──────── Material for this task
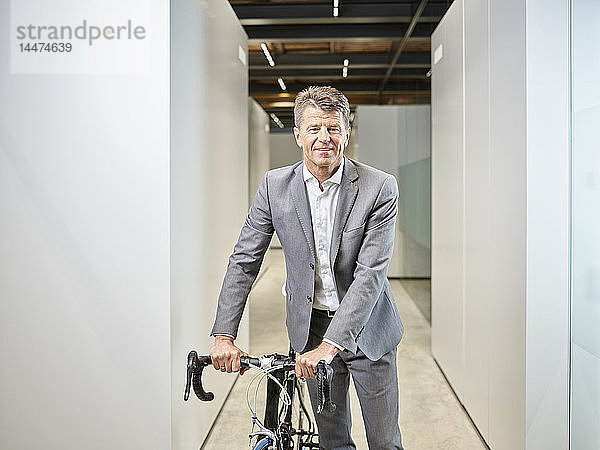 Porträt eines lächelnden Geschäftsmannes mit Fahrrad auf der Büroetage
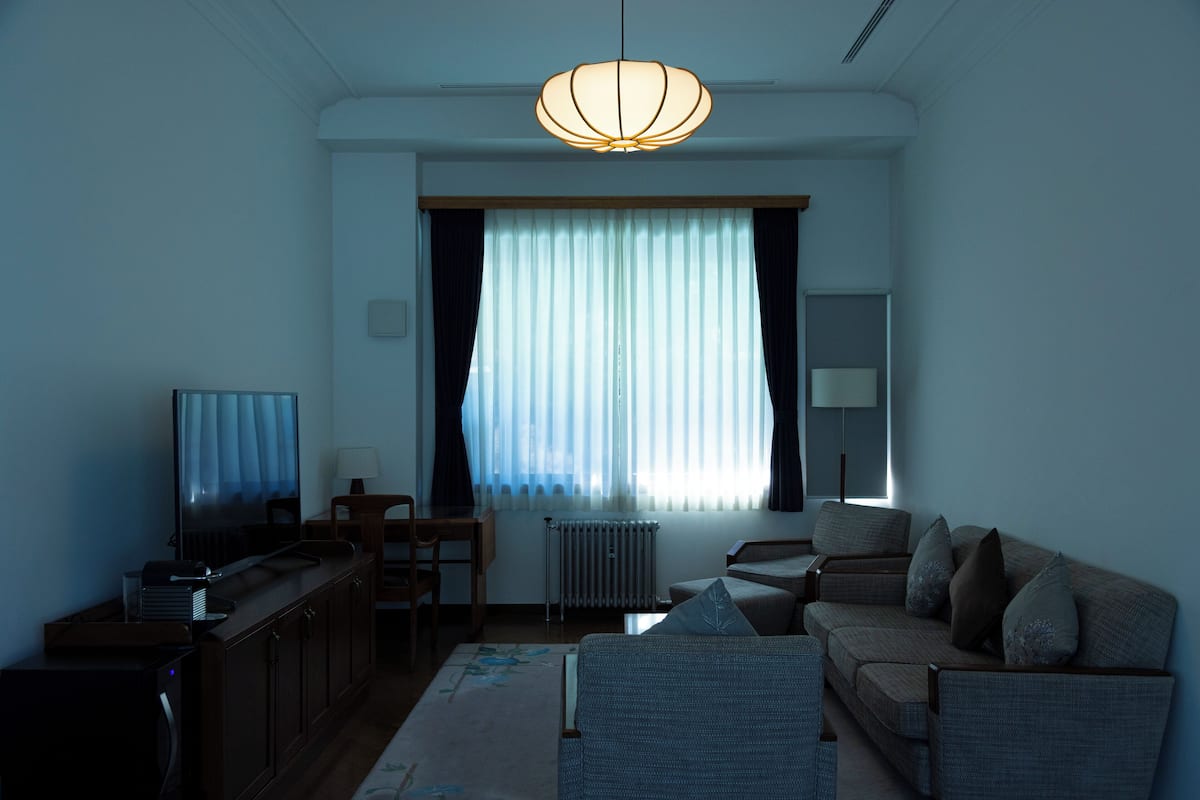 Una sala de estar con un sofá, un televisor, una mesa y una lámpara.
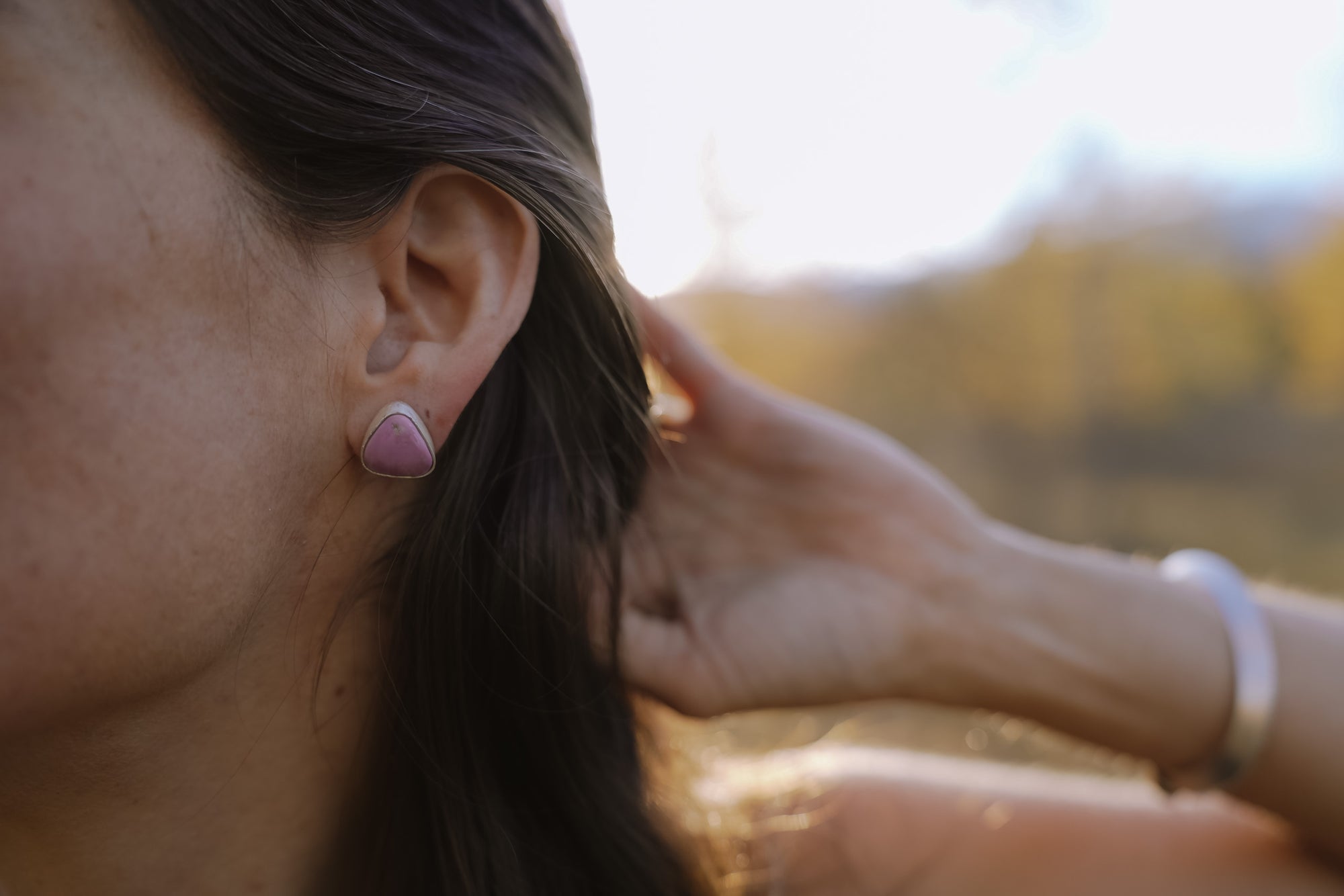 A woman wearing sterling silver and pink phosphosiderite post-style , triangular-shaped earrings against a blurred natural background.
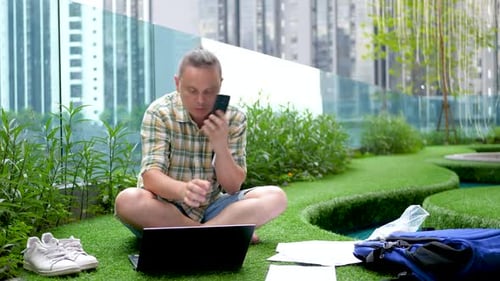 Young Adult Working Remotely in Urban Green Space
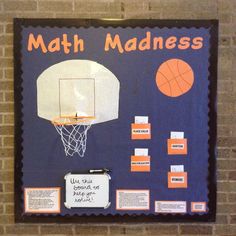 a bulletin board with basketballs on it and instructions for math madness written on the back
────────────────
**Task description**
From the line containing "A woman wearing" through the final line of the listing, copy every line exactly and nothing else. Skip the pictures.

**Your solution**
 A woman wearing sterling silver and pink phosphosiderite post-style , triangular-shaped earrings against a blurred natural background.
 Young Adult Working Remotely in Urban Green Space
 a bulletin board with basketballs on it and instructions for math madness written on the back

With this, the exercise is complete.